SRCD : Qu’est-ce qui vous a amené à étudier le comptage des doigts chez les élèves de maternelle ?
Docteur Thévenot : L'idée est née de conversations avec des enseignants du primaire. Ils me demandaient souvent s'ils devaient encourager ou décourager les enfants à utiliser leurs doigts pour résoudre des calculs. Étonnamment, les recherches existantes n'offraient pas de réponse claire, ce qui a naturellement frustré les enseignants face à ma réponse fréquente « Je ne sais pas ». Cette question récurrente, associée au manque de preuves concrètes, m'a incité à enquêter moi-même sur le sujet. La meilleure façon de fournir une réponse significative était de mener des études expérimentales. C'est donc exactement ce que j'ai décidé de faire.
SRCD : Comment ces résultats peuvent-ils être utiles aux enseignants, aux praticiens et aux soignants ?

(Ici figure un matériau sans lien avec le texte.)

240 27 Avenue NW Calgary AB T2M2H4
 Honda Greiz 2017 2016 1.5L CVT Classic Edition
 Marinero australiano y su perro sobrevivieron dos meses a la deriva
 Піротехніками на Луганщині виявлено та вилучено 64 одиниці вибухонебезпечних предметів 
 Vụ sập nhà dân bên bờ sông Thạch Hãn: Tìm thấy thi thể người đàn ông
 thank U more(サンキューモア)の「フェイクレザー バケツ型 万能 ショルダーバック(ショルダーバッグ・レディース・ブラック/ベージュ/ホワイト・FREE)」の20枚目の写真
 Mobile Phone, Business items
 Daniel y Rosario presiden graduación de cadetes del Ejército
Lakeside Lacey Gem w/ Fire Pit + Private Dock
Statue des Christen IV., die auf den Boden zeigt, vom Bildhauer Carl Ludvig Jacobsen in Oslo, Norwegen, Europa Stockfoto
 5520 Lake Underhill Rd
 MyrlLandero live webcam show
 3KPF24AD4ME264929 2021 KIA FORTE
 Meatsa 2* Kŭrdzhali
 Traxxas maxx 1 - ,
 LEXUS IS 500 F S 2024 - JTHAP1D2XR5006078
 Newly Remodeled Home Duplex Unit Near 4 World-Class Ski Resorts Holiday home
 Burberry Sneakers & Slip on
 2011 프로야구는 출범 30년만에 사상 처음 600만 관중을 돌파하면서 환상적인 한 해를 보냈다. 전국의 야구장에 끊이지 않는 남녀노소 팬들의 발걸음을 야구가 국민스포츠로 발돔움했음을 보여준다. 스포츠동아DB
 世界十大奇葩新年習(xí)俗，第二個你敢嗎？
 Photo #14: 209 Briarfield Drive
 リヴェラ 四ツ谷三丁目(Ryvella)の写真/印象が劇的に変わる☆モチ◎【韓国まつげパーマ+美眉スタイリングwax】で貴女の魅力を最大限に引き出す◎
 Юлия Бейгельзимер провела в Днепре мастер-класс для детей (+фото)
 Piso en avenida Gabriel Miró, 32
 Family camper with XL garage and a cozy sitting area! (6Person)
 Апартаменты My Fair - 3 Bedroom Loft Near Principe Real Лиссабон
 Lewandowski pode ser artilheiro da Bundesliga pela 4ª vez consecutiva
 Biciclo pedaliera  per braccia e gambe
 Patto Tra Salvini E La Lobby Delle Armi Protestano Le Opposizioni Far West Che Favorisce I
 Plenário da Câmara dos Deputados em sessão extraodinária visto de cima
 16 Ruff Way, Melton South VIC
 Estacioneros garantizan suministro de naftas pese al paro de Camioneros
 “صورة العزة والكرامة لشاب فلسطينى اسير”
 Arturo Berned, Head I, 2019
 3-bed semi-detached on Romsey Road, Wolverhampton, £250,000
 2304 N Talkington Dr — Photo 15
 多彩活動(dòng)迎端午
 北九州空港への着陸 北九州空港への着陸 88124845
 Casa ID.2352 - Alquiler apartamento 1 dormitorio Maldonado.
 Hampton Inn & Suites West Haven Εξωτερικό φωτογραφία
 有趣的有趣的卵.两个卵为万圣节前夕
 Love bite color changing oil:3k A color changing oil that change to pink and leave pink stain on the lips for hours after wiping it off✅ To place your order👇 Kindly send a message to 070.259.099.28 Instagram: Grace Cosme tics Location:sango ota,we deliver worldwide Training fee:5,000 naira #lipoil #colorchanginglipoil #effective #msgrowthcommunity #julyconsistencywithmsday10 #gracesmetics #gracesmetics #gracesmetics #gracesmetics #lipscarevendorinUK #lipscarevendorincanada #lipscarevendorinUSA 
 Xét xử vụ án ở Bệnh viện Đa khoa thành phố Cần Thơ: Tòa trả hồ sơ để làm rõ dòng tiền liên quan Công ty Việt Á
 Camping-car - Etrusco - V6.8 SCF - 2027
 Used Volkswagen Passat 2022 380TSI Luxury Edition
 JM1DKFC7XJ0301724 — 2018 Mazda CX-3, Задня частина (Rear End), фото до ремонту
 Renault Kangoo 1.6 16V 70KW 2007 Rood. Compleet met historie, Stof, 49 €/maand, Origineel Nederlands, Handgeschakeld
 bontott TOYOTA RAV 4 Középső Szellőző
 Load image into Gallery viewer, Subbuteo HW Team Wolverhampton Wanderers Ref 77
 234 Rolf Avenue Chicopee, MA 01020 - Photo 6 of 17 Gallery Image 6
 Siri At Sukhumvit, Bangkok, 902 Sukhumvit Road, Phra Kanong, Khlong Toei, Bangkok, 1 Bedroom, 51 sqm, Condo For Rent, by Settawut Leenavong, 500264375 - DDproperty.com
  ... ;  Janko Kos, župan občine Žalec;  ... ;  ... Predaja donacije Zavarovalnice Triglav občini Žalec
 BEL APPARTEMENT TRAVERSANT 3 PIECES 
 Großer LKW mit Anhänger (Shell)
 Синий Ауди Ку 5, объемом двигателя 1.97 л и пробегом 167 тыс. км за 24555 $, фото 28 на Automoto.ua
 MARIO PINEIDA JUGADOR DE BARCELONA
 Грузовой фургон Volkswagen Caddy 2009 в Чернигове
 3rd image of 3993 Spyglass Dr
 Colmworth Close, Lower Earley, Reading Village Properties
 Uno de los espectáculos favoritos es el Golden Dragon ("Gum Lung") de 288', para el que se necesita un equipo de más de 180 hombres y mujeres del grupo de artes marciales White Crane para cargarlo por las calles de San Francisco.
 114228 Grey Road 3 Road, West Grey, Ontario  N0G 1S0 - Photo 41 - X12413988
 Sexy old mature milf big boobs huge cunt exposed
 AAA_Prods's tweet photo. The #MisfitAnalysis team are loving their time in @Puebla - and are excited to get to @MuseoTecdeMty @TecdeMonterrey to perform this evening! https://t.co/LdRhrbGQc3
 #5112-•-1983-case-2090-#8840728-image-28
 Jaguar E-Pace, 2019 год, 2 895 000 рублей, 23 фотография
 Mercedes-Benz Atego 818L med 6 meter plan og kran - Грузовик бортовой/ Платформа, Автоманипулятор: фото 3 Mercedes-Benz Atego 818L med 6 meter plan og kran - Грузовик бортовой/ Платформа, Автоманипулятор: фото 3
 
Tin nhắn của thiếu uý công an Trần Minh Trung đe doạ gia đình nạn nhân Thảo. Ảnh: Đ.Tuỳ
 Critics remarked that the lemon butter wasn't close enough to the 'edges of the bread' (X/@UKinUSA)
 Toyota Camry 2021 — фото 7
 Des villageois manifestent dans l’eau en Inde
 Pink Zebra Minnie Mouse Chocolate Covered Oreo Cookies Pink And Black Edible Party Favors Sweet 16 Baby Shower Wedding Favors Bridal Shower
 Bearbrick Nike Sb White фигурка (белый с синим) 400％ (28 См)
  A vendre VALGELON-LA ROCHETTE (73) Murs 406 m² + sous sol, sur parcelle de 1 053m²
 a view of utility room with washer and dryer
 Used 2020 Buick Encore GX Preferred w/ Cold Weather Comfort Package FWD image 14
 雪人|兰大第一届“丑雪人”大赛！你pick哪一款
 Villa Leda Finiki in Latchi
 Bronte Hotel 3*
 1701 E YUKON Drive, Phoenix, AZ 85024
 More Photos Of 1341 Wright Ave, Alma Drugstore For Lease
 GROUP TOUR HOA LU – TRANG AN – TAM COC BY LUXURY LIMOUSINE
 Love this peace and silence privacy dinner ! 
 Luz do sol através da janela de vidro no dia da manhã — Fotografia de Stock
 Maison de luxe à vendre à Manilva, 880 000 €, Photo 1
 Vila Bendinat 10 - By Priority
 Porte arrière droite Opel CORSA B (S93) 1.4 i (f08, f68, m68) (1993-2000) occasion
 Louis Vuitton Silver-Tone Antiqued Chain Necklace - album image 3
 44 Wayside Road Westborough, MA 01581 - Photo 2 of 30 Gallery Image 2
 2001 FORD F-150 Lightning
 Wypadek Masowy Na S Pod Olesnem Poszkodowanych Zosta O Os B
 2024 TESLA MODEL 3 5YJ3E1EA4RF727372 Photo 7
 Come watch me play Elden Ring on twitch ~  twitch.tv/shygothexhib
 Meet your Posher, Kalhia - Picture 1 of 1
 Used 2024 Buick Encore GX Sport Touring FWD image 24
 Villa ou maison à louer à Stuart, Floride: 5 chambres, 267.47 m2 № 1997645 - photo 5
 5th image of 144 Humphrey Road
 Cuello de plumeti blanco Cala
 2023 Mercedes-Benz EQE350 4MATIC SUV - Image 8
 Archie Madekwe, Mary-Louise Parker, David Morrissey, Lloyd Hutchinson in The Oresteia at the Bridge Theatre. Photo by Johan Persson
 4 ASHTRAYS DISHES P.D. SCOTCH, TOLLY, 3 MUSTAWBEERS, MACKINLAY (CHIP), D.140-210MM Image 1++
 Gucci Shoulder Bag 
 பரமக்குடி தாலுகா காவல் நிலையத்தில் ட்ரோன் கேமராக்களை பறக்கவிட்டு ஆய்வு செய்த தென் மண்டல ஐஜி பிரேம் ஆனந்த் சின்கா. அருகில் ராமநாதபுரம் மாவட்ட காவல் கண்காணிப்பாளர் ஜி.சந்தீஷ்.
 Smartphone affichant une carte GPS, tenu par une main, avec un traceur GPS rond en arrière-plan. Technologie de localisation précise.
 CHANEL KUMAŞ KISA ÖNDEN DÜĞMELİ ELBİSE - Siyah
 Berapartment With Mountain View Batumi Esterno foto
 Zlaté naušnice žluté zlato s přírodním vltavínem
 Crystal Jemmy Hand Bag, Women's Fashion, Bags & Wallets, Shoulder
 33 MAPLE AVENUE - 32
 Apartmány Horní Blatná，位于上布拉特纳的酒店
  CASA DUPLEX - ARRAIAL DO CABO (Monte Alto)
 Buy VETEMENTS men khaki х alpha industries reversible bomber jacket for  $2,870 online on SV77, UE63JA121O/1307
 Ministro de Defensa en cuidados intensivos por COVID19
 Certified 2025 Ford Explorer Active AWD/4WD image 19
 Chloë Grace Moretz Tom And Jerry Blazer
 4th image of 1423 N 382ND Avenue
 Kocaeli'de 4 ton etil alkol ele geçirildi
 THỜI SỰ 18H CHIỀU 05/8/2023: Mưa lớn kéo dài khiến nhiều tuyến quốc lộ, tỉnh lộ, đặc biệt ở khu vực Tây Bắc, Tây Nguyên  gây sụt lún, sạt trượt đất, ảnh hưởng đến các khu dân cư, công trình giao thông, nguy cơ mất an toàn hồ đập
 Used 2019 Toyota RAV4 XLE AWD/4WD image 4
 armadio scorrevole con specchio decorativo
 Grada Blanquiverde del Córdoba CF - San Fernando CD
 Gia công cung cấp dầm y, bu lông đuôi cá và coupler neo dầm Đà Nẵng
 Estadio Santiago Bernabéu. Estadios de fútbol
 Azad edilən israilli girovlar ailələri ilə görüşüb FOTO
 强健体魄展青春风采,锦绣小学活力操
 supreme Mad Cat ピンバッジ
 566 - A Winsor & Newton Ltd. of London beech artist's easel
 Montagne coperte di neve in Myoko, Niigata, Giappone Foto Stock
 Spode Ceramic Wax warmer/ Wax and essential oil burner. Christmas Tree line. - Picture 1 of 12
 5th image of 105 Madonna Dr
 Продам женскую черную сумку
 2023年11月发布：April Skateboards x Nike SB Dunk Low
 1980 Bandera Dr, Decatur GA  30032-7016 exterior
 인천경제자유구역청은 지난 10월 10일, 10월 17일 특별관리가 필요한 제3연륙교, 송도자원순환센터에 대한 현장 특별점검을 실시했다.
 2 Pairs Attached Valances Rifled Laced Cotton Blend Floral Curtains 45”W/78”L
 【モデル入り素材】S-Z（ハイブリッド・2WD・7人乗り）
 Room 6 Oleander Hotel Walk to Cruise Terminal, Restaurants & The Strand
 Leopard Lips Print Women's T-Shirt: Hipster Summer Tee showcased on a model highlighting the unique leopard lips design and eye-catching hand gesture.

Docteur Thévenot : Nos résultats sont très utiles car, pour la première fois, nous apportons une réponse concrète à la question de longue date de savoir si les enseignants doivent explicitement apprendre aux enfants à utiliser leurs doigts pour résoudre des problèmes d'addition, en particulier à ceux qui ne le font pas naturellement. La réponse est oui. Notre étude démontre que l'apprentissage du calcul avec les doigts est efficace pour plus de 75 % des enfants de maternelle. L'étape suivante consiste à étudier comment nous pouvons aider les 25 % restants d'enfants qui n'ont pas bien réagi à l'intervention.
SRCD : Avez-vous été surpris par certains résultats ?
Docteur Thévenot : Absolument. Lorsque j'ai vu les résultats pour la première fois, j'ai été étonné de l'énorme amélioration des performances des enfants qui n'utilisaient pas initialement leurs doigts pour résoudre les problèmes. Avant notre intervention, ces enfants n'étaient capables de résoudre qu'environ un tiers des problèmes d'addition au pré-test. Après l'entraînement, cependant, ils en résolvaient plus des trois quarts ! La différence était frappante, surtout par rapport aux groupes témoins, où les gains étaient insignifiants. L'ampleur de cette amélioration a vraiment dépassé mes attentes.
SRCD : Quelles sont les prochaines étapes dans ce domaine de recherche ?
Docteur Thévenot : Une question importante est maintenant de savoir si ce que nous avons enseigné aux enfants va au-delà d’une simple procédure pour résoudre les problèmes. En d’autres termes, nous voulons savoir si notre intervention a conduit à une compréhension conceptuelle plus approfondie des nombres, notamment si les enfants saisissent mieux comment manipuler les quantités représentées par leurs doigts. En fait, nous avons déjà commencé à nous pencher sur cette question et les premiers résultats sont très prometteurs. Il nous reste cependant à réaliser des expériences supplémentaires pour confirmer que ces améliorations sont bien le résultat direct de notre programme d’entraînement.